Problem statement: The result should be a verbatim copy of the whole listing.

Given data:
· · · ·

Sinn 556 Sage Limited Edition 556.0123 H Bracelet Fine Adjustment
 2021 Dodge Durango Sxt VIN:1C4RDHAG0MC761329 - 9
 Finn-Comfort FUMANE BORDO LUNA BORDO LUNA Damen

· · · ·

Written response:
Sinn 556 Sage Limited Edition 556.0123 H Bracelet Fine Adjustment
 2021 Dodge Durango Sxt VIN:1C4RDHAG0MC761329 - 9
 Finn-Comfort FUMANE BORDO LUNA BORDO LUNA Damen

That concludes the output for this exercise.